Où s’échangent les idées au 18e siècle ?
L’effervescence des idées est grande au 18e ; on aime s’écrire et causer. Dans les villes, les lieux d’élection de la conversation sont les cafés, les clubs, les salons.
Les premiers sont fréquentés par toutes les classes. On y discute et on s’y dispute. Dans certains, plus littéraires, on lit et on juge les ouvrages nouveaux. C’est aussi dans les cafés que se réunissent les commentateurs de nouvelles, « les nouvellistes » qui, à Paris, poursuivent leurs entretiens au Palais-Royal, dans les allées des Tuileries, au Luxembourg. Des gazettes manuscrites circulent et comptent même des abonnés en province.
Des clubs à l’anglaise apparaissent où l’on aborde les questions politiques. Le plus connu est, au début du siècle, le club de l’Entresol. Les clubs se multiplient par la suite. Le gouvernement les interdit. Ils ne rouvriront qu’à la fin de 1788 : club des Valois présidé par le duc d’Orléans, fréquenté par Condorcet et Sieyès ; club « chez le sieur Macé » qu’on appelle à la cour le club des enragés ; société de l’abbé Morellet dont Talleyrand est un membre actif ; club des colons où Mirabeau et Lavoisier s’élèvent contre la traite des Noirs. On sait l’extension que prendront les clubs sous la Révolution.
La vie mondaine est active et les salons nombreux. On s’y distrait : bals, jeux, représentations théâtrales, et l’on y cause. Avant 1750, le plus célèbre est celui de Mme de Tencin. Dans la seconde moitié du siècle apparaissent celui de Mme Geoffrin, riche bourgeoise, de Mme du Deffand, de Mlle de Lespinasse[1]. Écrivains, savants, artistes y confrontent leurs idées. Les questions politiques, sociales, religieuses y sont abordées. Mme de Tencin soutient L’Esprit de lois (Montesquieu) ; Mme Geoffrin prête à l’Encyclopédie (Diderot) en difficulté des sommes considérables. Mme du Deffand qui n’aime pas les Encyclopédistes, vénère Voltaire. Mais toutes les maitresses de maison tempèrent la hardiesse des idées.
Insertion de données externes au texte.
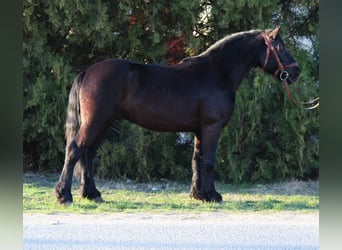 Frisones Mestizo, Caballo castrado, 5 años, 145 cm, Negro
L’influence de ces salons n’est pas niable. Favorisant les relations entre gens de lettres et gens du monde, ils stimulent les esprits et les plumes. Les correspondances et maints ouvrages du temps conservent la clarté et le ton spirituel des conversations où chacun se surveille pour se faire valoir. Il n’en reste pas moins que les grandes œuvres ne s’élaborent pas dans ces hauts lieux de la conversation mais dans le silence du cabinet d’études. Les salons qui sont vraiment des foyers d’idées sont ceux de l’ancien fermier général Helvétius et du baron d’Holbach[2] où se resserrent les liens du parti philosophique. Les maîtres des lieux sont eux-mêmes des écrivains influents, et des œuvres hardies sont lues chez eux.